The First Law of Thermodynamics is energy and matter can be transformed, changed from one form to another, but it can neither be created nor destroyed.The Second Law of Thermodynamics is NO FATTIES.

Clark: VICTORY BRUNCH Blogging

Eliza Clark, who's writing for May's VICTORY BRUNCH:

Victory makes me think of movies about sports teams where everyone is a misfit. Like The Mighty Ducks or The Big Green or D2: The Mighty Ducks. There’s always one fat kid, one smelly kid, one kid with glasses, one girl kid, one bully, one exchange student, and one teeny tiny kid who blows snot bubbles out of his nose. And they all learn from someone like Emilio Estevez who’s in some kind of bad place in his life (and probably hates children), but he pulls it together enough to lead the kids and learn about himself. First they lose a bunch of times in a really humiliating way until they learn more about teamwork and how to use their unique and completely non-athletic talents to their advantage. Then they start winning. And then they win the championship.



This is what I really wanted to write about for the brunch. But I wanted those kids, and I wanted there to be fifteen of them and I wanted them to be ten years old. That seemed like a little too much for a brunch – though you should look for it as a complex full-length that I hope to present on ice (it will most likely not be about a hockey team – it will be about a lacrosse or badminton team…just on ice). I thought for a few minutes about the prospect of having adults play children, but then you really miss out on the creepiness of the Emilio Estevez character spending all of his time with ten-year-olds even though he’s just been released from a DUI program.

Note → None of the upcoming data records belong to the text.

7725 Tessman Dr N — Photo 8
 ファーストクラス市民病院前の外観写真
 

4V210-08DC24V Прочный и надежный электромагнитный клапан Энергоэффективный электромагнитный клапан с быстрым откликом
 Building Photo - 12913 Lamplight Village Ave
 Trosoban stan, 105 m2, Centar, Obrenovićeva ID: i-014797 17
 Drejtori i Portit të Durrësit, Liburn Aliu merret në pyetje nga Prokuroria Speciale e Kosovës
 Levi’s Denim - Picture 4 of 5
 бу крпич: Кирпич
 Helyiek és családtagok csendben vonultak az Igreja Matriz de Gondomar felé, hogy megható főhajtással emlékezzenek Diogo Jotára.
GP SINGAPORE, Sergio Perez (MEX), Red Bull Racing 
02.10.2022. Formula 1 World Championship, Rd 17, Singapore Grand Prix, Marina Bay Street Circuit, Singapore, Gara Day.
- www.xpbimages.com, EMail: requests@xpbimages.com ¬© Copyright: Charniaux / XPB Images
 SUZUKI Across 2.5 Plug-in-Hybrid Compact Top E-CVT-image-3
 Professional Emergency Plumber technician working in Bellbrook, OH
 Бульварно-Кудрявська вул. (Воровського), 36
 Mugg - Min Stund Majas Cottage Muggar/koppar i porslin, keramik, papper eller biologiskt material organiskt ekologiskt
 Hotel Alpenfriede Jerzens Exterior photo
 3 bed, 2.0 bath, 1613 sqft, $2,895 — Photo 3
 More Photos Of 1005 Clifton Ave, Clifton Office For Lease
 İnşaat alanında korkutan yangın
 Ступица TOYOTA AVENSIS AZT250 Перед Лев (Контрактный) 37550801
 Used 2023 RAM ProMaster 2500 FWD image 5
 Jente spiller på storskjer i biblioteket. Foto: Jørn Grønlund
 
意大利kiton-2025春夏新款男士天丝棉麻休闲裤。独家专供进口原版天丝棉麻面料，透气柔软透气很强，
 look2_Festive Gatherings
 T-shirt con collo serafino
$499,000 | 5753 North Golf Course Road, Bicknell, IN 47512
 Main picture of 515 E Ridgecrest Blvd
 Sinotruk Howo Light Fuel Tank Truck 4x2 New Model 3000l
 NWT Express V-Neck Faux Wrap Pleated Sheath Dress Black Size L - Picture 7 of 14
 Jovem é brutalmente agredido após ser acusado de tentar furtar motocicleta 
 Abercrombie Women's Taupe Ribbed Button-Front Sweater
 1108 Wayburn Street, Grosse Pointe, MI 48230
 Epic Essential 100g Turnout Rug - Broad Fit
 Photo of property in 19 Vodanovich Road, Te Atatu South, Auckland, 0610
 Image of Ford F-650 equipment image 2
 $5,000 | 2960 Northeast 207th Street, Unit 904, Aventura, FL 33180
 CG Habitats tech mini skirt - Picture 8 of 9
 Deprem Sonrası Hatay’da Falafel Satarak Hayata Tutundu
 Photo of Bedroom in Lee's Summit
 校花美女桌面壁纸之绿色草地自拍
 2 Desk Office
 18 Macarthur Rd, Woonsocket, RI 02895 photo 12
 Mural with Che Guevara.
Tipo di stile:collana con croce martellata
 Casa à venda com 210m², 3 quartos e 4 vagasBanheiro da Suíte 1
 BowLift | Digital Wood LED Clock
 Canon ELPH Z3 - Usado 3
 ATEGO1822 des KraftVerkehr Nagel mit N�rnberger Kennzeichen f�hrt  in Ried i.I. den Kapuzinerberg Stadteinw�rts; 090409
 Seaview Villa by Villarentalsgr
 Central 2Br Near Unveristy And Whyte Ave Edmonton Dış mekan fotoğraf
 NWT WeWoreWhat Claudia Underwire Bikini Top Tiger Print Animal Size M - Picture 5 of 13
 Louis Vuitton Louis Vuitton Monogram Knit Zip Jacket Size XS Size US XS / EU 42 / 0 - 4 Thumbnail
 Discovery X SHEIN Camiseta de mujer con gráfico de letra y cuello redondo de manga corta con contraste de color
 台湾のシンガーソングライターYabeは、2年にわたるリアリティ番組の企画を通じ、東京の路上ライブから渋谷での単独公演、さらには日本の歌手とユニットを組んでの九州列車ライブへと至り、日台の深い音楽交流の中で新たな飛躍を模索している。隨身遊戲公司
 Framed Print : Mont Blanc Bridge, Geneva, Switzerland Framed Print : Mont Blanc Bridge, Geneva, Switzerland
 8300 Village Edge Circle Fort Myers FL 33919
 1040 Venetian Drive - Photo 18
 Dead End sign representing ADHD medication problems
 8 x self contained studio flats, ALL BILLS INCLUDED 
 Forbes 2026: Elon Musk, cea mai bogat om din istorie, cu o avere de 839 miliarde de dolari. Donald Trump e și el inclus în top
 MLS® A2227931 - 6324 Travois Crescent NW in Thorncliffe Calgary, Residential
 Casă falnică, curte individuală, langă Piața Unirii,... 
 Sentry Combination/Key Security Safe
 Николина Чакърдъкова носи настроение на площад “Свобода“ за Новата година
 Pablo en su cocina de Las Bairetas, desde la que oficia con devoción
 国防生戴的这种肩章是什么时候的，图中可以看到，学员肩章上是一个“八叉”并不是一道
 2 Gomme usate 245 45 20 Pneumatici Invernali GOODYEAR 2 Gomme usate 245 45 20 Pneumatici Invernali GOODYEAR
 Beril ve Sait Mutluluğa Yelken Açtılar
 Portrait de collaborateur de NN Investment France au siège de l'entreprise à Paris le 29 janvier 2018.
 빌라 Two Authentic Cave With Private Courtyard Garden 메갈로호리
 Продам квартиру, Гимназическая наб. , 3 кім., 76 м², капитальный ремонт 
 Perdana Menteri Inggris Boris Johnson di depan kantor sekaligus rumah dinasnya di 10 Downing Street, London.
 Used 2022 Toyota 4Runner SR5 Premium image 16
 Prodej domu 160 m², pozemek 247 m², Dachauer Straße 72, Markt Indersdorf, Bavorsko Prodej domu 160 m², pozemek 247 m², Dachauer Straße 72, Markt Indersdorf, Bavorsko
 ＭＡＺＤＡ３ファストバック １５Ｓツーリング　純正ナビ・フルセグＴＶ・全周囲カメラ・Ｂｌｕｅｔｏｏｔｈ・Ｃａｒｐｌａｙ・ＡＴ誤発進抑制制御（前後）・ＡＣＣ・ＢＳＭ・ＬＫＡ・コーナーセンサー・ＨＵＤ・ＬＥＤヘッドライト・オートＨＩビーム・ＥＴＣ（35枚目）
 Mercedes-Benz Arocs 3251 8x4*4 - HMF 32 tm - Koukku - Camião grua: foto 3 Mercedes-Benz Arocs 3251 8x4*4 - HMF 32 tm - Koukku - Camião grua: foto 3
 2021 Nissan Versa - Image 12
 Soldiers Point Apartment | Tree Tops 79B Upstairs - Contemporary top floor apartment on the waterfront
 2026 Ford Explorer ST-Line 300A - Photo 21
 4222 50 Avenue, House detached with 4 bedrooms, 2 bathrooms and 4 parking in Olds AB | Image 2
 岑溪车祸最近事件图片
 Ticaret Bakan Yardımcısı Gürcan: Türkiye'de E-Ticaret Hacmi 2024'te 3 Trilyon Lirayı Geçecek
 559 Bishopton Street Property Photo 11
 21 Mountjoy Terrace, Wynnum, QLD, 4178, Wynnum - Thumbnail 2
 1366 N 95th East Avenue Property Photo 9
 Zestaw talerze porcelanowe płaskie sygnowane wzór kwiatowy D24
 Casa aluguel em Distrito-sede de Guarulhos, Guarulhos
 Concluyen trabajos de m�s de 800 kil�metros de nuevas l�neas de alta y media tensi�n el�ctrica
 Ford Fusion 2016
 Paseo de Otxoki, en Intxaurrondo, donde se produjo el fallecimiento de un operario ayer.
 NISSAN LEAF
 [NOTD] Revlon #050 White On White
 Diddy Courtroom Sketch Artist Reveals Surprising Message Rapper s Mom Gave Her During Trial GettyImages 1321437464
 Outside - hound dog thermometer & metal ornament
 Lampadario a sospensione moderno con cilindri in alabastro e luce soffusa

Also, I thought a little bit about how that misfit sports team play might be the kind of play the Wayans Brothers would write if they were in Youngblood and Graeme and RJ asked them to write for the Brunch. Like, "Hey let's write Misfit Sports Team Ten-Minute Play!" That made me feel a little bad about myself.


So I wrote about lifeguards.

Wednesday, April 15, 2009

Kern: TRUE FACTS


Hotel brand Comfort Inn was originally named Comfort Women Inn because that's where Japanese soldiers kept their captured Chinese concubines during World War II. The word "Women" was later dropped from the name when Comfort Inn stopped being an international chain of brothels.

Conkel: VICTORY BRUNCH Blogging

Joshua Conkel: "I have to admit I was a little annoyed by "Victory" as a brunch theme for the first few minutes I ruminated on it. It read "sports" to me for some reason, and I hate sports and would never, ever choose to write about something so dull. Then I realized the word has much broader implications in the idea of winning and losing. Winning and losing at sports, yes. but also at life itself. I thought, I can write about winning and losing at life!

The word "victory" made me think of an old episode of Stranger With Candy in which Jerri Blank tries out for the cheer leading squad and the cruel cheerleaders (having discovered that Jerri is illiterate) ask her, "Jerri, what does v-i-c-t-o-r-y spell?"

That's when I decided to write about what happens to cheerleaders when they age and how a person goes from being a winner to being a loser over time. But, you know... funny. I've also been obsessed with grizzly crimes in which women steal other women's babies right from their bodies, which I keep discovering more and more of, so I may try to work that in as well.

God, this play sounds so gross and depressing, but I promise it won't be! I plan to start writing today if I can.

I have a show opening tomorrow, a ten-minute play for Horse Trade Theater Group's new company of actors, The Drafts (which was due this week), and a workshop production of my newest play in Chicago next weekend (for which another draft is due).

All of this and I threw my back out on Saturday moving an enormous set piece like I was some kind of she hulk. "Youngblood" indeed. If I was so young I wouldn't have an Icy Hot patch on my lower back."

News: May's VICTORY BRUNCH


Sunday, May 3rd marks the final YOUNGBLOOD BRUNCH of the season--The VICTORY Brunch (details to follow!). RJ & Graeme challenged YB to explore 'What happens when we win?'


Watch for blog entries from the five YBers (Robert Askins, Eliza Clark, Joshua Conkel, Jon Kern & Michael Lew), who, I'm willing to wager, are drafting their short plays right now!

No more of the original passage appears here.